【概要】
丹沢大山の麓に位置する、行基菩薩が開山した関東有数の古刹です。茅葺屋根の本堂(薬師堂)は国の重要文化財に指定されており、秋には参道に咲き誇る彼岸花の名所としても知られています。十二神将などの貴重な仏像群を安置しています。
【相模の古刹】
神奈川県伊勢原市にある「日向薬師(ひなたやくし)」は、「日本三薬師」の一つに数えられる奈良時代創建の古刹です。
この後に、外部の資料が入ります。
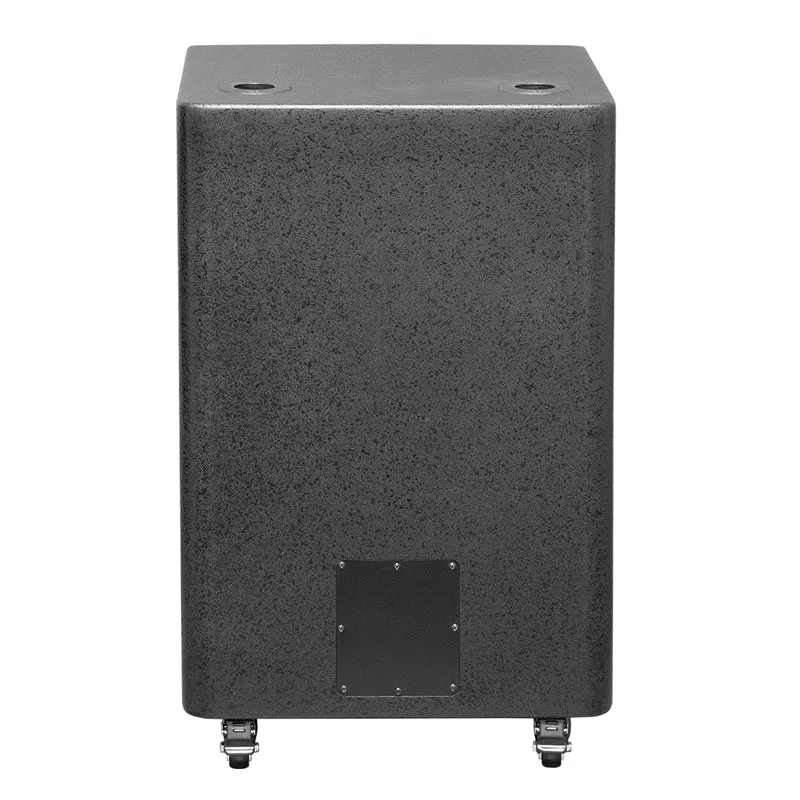 Soncamedia Kbeatbox KB-39NEO – 15" Big Box Karaoke Speaker System | 80W RMS | Wireless Mics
正式名称は「宝城坊(ほうじょうぼう)」で、716年(霊亀2年)に僧・行基によって開かれたと伝わります。本尊の薬師如来像と両脇侍像は国の重要文化財に指定されており、霊験あらたかな薬師様として古くから信仰を集めてきました。
【仏像群と宝物】
日向薬師には、本尊の薬師三尊像をはじめ、鉈彫り(なたぼり)と呼ばれる独特の技法で彫られた薬師如来像など、平安時代から鎌倉時代の貴重な仏像群が安置されています。特に「鉈彫薬師」は荒々しいノミ跡を残した珍しい作風で、美術史上も重要な作品です。毎年4月の第3日曜日には「日向薬師春季例大祭」が開催され賑わいます。
【自然と参拝】
日向薬師は大山の東麓に位置し、杉木立に囲まれた静かな山寺の雰囲気が漂っています。参道には茅葺き屋根の仁王門があり、風情ある景観を楽しむことができます。小田急線伊勢原駅からバスで約20分。大山詣りと合わせて訪れる参拝者も多く、関東屈指の薬師信仰の霊場として、病気平癒や健康祈願に訪れる人々が絶えません。